On a Tuesday in August of 1974, Nolan Ryan pitched the kind of epic game that has long since gone extinct. That night, Ryan threw nine shutout innings for the California Angels against the Detroit Tigers, only to find the game tied at the end of the ninth. Both Ryan and Tigers starter Mickey Lolich carried on into the 10th, and then into the 11th, when Ryan gave up a pair of singles in the top of the inning that would deliver the Tigers a 1-0 win. Ryan gave up four hits over the course of the night, walked five, and struck out 19 (it was, in fact, the second time in eight days that he’d struck out 19 hitters in a game). This was Ryan’s 13th loss of the season against 16 wins; he would wind up pitching 332 2/3 innings that year, walking 202 hitters and striking out 367.

Ryan may or may not have been the greatest pitcher in modern baseball history, but he was unquestionably the most enjoyable to watch. He slung pitch after pitch after pitch, many of them the same laser beam that once got him discovered by a scout in rural Texas when he was an impossibly skinny teenager (that scout, Red Murff, upon Ryan watching uncork his first fastball, wondered for a moment whether he’d had a break with reality. How in the world, he asked himself, could anyone that kid’s size throw like that?). He threw hard, he threw inside, and he never let up, even after 11 innings. And this particular game against the Tigers in 1974 proved to be a watershed moment, both for Ryan and for baseball itself.

That evening, for the first time, a group of men from Rockwell International’s Electronic Research Division had set up a infrared radar in the press box, which projected over the catcher’s head and onto the dirt near home plate. This was a test run, and that night, writes the author Tim Brown in his new biography Nolan: The Singular Life of an American Original, “Ryan threw four pitches of 100 m.p.h or better, two that registered 100.9 m.p.h.”
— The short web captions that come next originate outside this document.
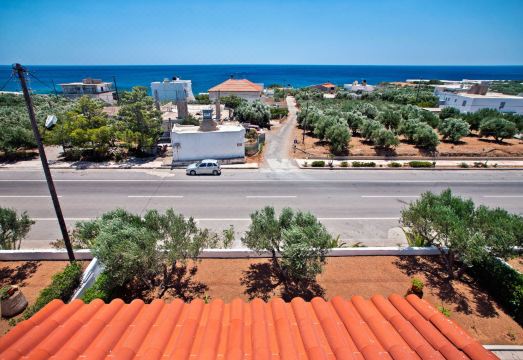 New Aurora Apts Studios Hotel Overview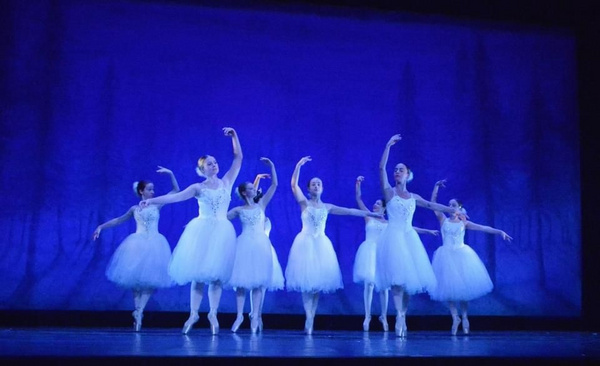 Photos: Manhattan Ballet School Presents THE NUTCRACKER SUITE Image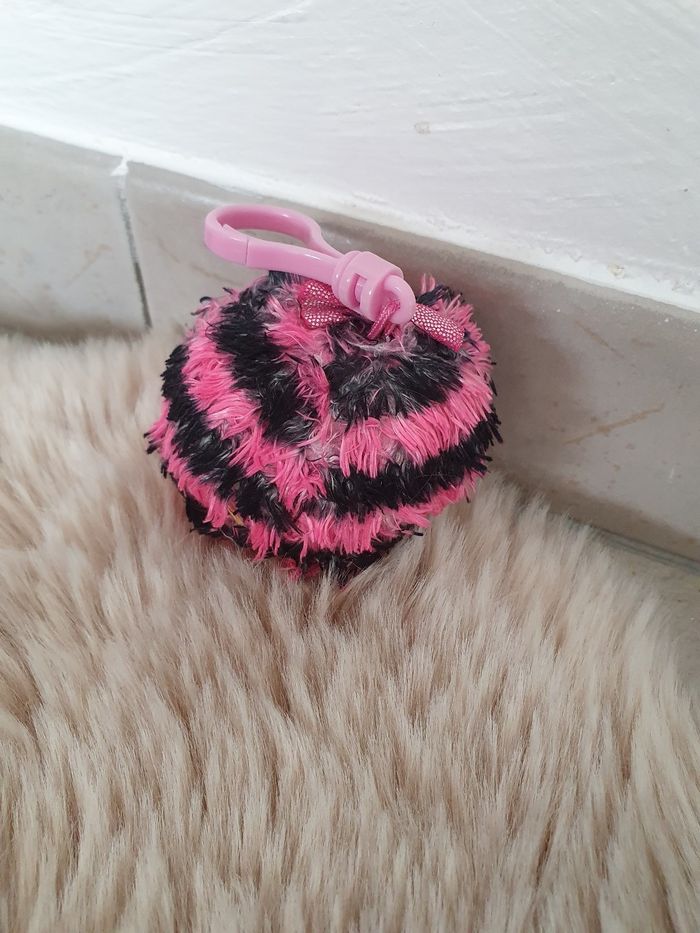 Peluche  porte  clé  boule  rose ty - photo numéro 4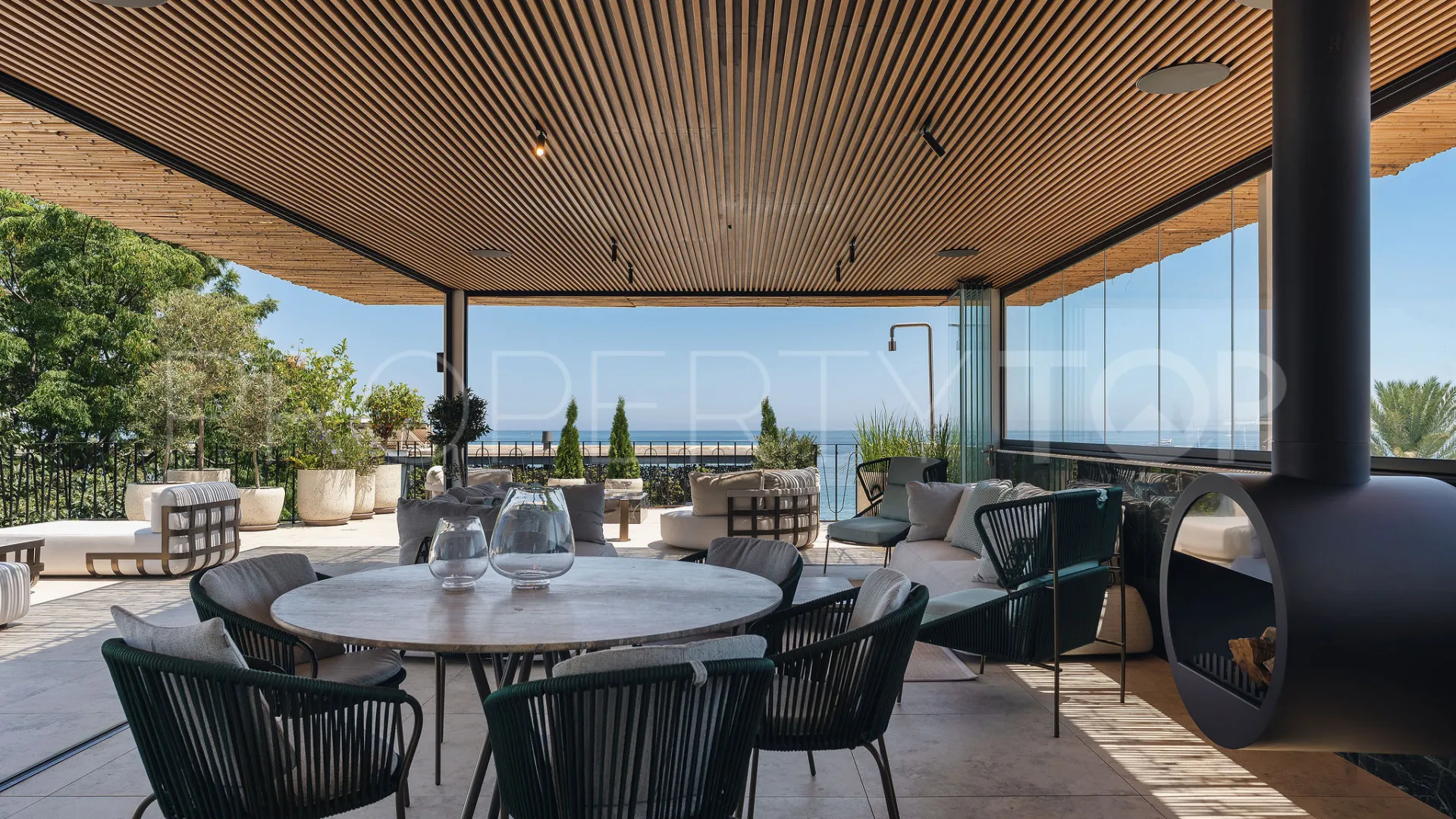 Buy 4 bedrooms villa in Puente Romano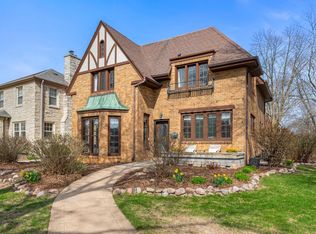 5800 N Kent Ave, Whitefish Bay, WI 53217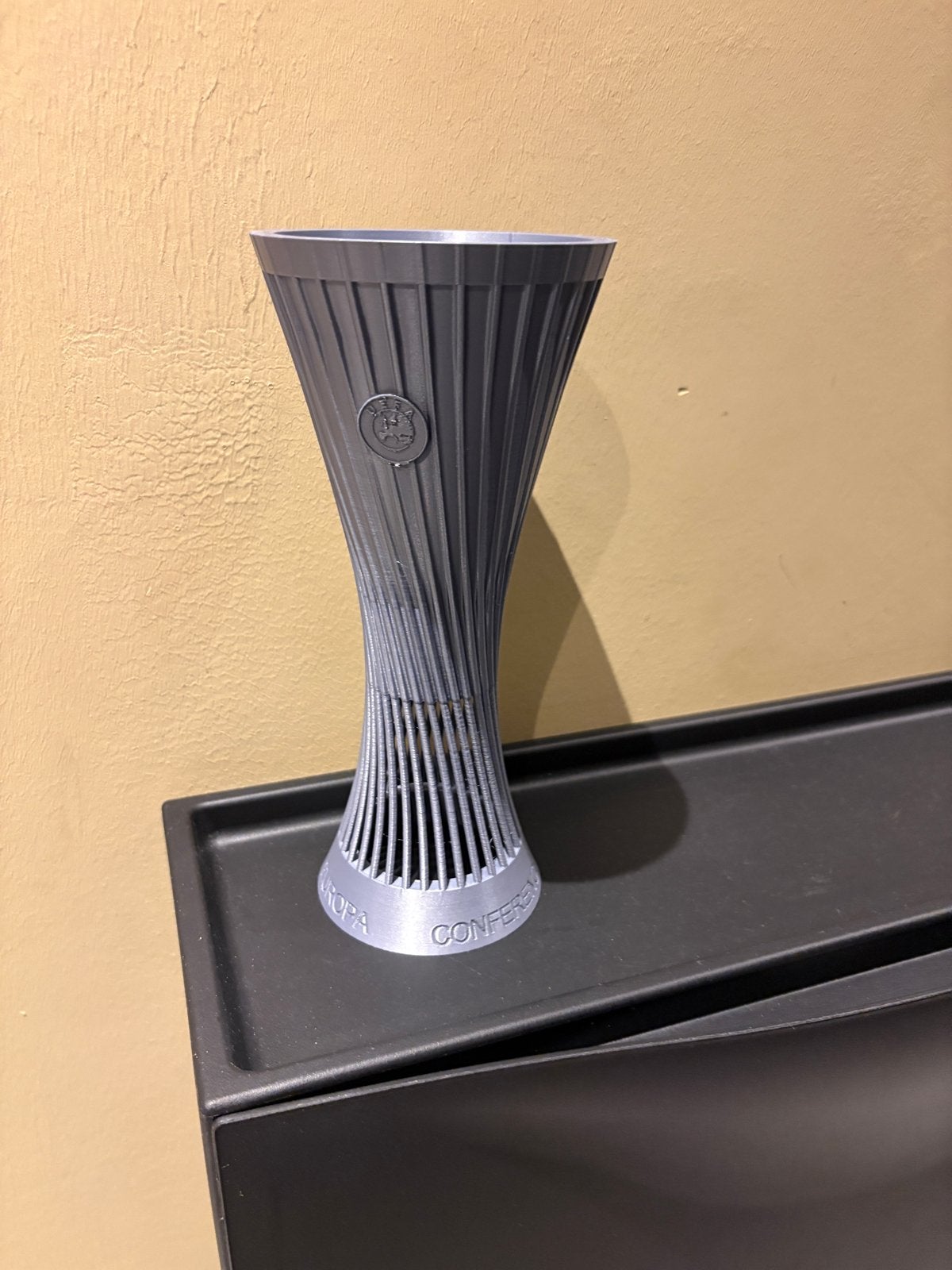 UEFA Europa Conference League Beker - Replica 23 cm, WB3Design, Overige typen, Ophalen of Verzenden, Zo goed als nieuw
Two and a half weeks later, Rockwell debuted the equipment to the public as Ryan pitched against the White Sox. The speed of Ryan’s fastball lit up on the scoreboard, inning after inning, as Ryan stretched out and reached 96, then 98.8, which was faster than rudimentary devices had once recorded Cleveland’s Bob Feller. Finally, in the ninth inning, as Ryan finished off yet another complete game—his seventh in his last nine starts—he uncorked a fastball to Chicago’s Lee Richard. The display read: 00.8, as there weren’t enough bulbs to add the 1.

“The crowd cheered,” Brown writes. “Nolan Ryan had broken the scoreboard.”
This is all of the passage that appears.